0047 3. Call `detect(client, params)`.
0048 4. Create or update event rows using stable `dedupe_key` values.
0049 5. Clear events that are no longer detected on a successful tick.
0050 6. If email is enabled for that alarm and the run is not `--dry-run`, bundle
0051    new/renotified detections into one email for that alarm.
0052 
0053 `data.enabled=False` means "silent": detection still runs, event rows still
0054 update, and the dashboard remains truthful. To stop an alarm algorithm entirely,
0055 archive the alarm row.
0056 
0057 ## Adding a New Alarm
0058 
0059 1. Add `alarms/swf_alarms/alarms/<name>.py`.
0060 2. Expose a `PARAMS` dict and `detect(client, params)`.
0061 3. Yield `Detection(...)` objects from `swf_alarms.common`.

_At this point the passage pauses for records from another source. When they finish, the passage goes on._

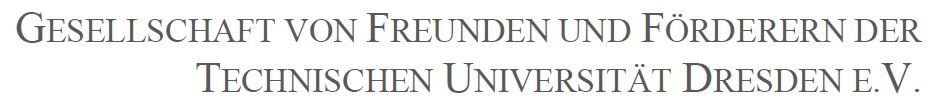 Gesellschaft von Freunden und Förderern der Technischen Universität Dresden e.V. https://tu-dresden.de/tu-dresden/profil/freunde-foerderer/gff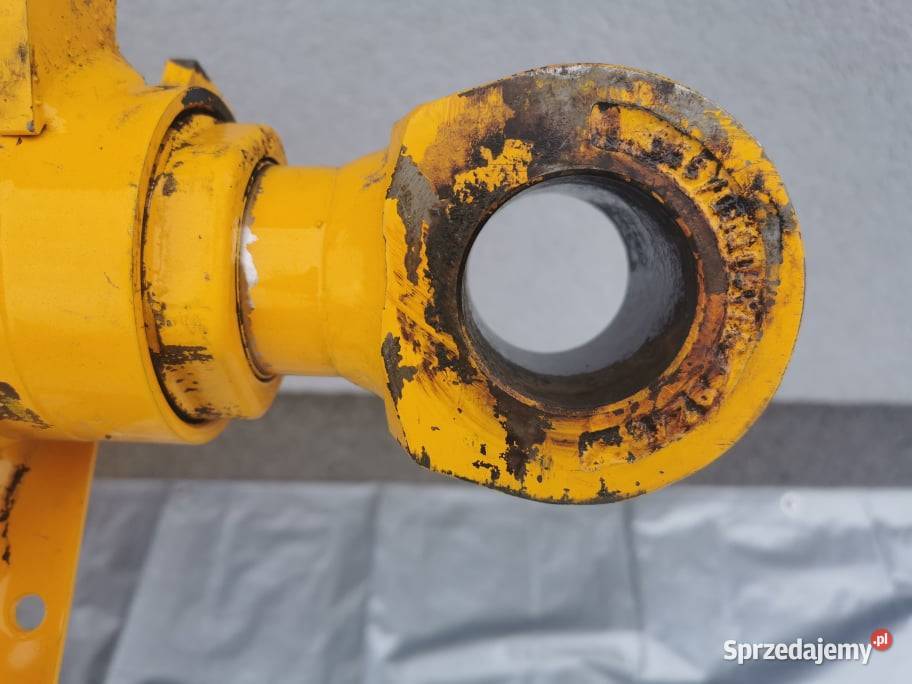 Siłownik wysuwu JCB 53070 Wilkowo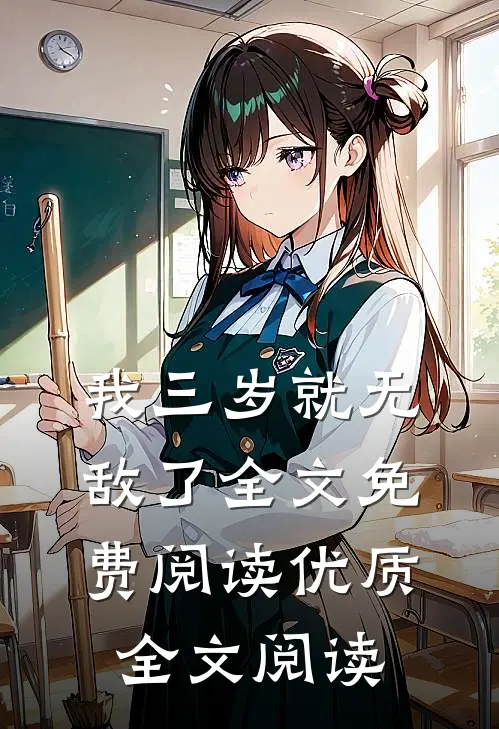 我三岁就无敌了全文免费阅读优质全文阅读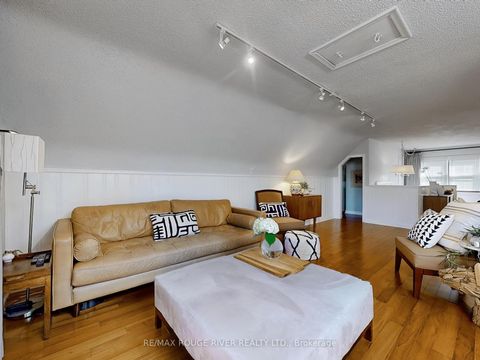 Photo 37 at 15 White Avenue, Highland Creek, Toronto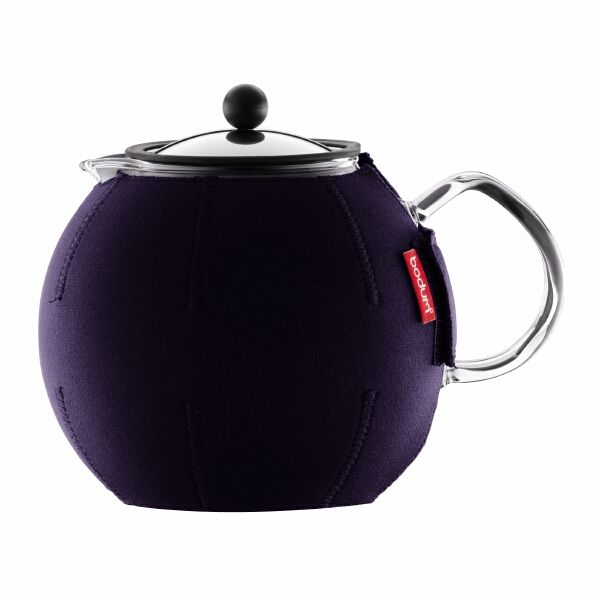 BODUM NERO 10999 — Teebereiter · 1,5 l — Vergleich nach nachprüfbaren Unterschieden — Belegsignale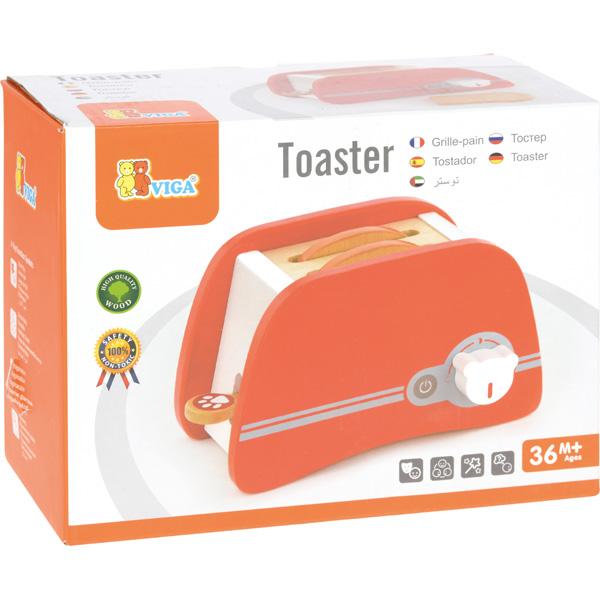 Toaster 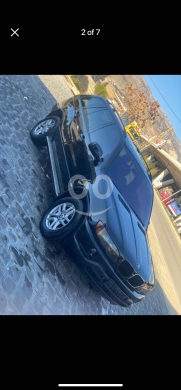بي إم دبليو X5 موديل 2001 V8 للبيع | BMW X5 2001 V8 for Sale — 2
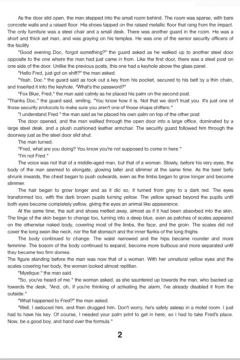 [DBComix] Breaking Mystique_02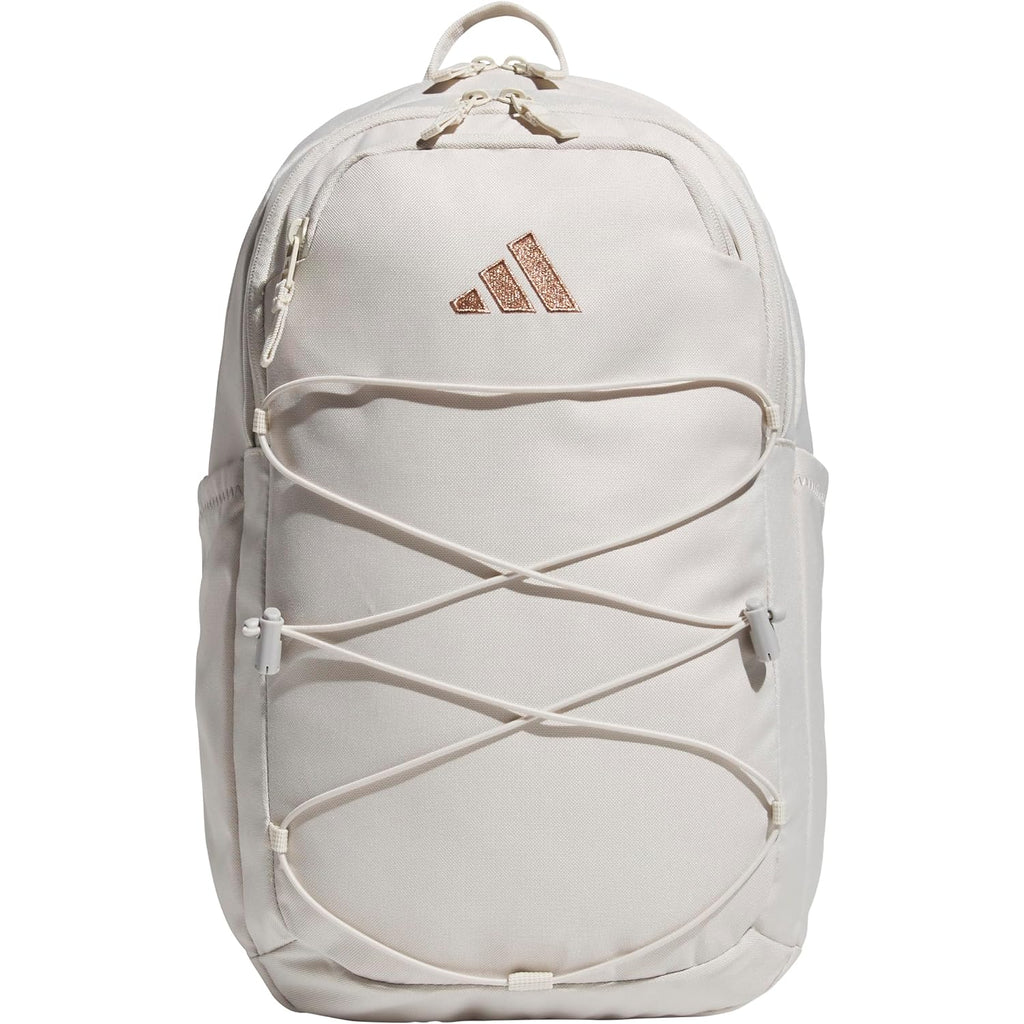 Adidas Amplifier Backpack For Laptop, School And Gym, 28L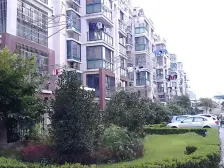 盈浦·西部花苑一期·3室·2厅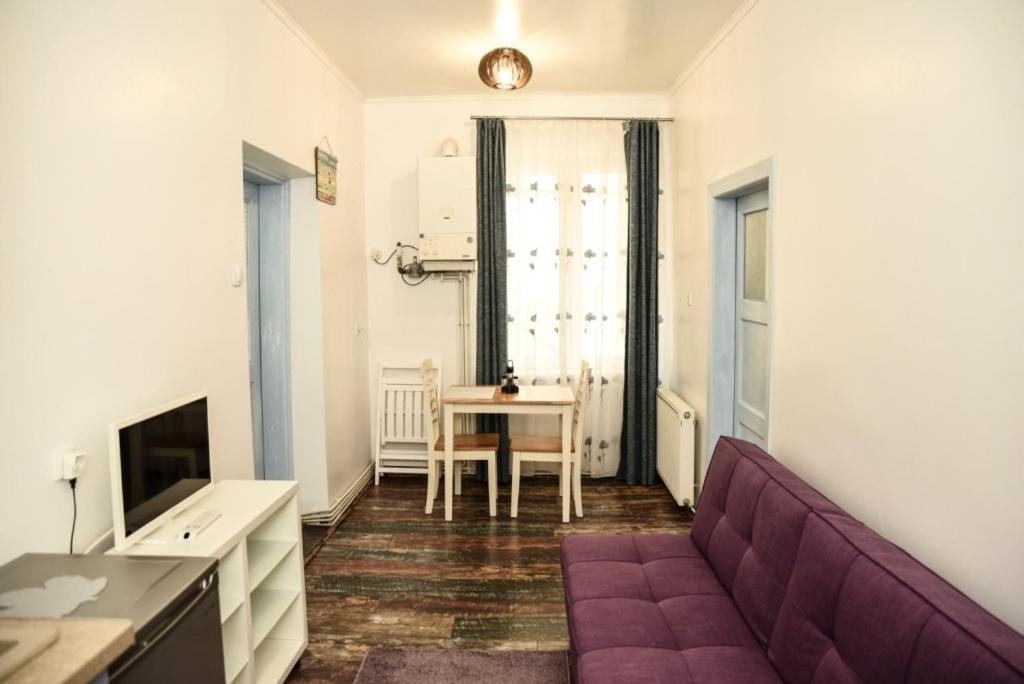 Sibiu Stay Central Εξωτερικό φωτογραφία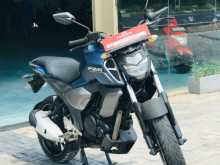 Yamaha FZ-S Version 3.0 2020 Motorbike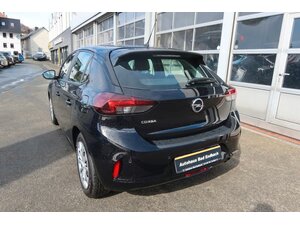 Opel Corsa F Edition 17.500 km 13.990 &euro; Bad Endbach 35080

0062 4. Share helper code under `swf_alarms/common/`.
0063 5. Add a corresponding `Entry(kind='alarm', context='swf-alarms')` with
0064    `data.entry_id='alarm_<name>'`.
0065 
0066 The engine dispatches by module name. There is no central registry.
0067 
0068 ## swf-remote Boundary
0069 
0070 `swf-remote` no longer owns alarm runtime or copied alarm navigation. It
0071 preserves monitor-rendered production navigation and replaces only the local
0072 auth block. `/prod/alarms/...` is a proxy to monitor.
0073 
0074 Old `swf-remote` alarm files are intentionally retained for rollback/reference.
0075 Do not delete them as part of routine monitor-side alarm work.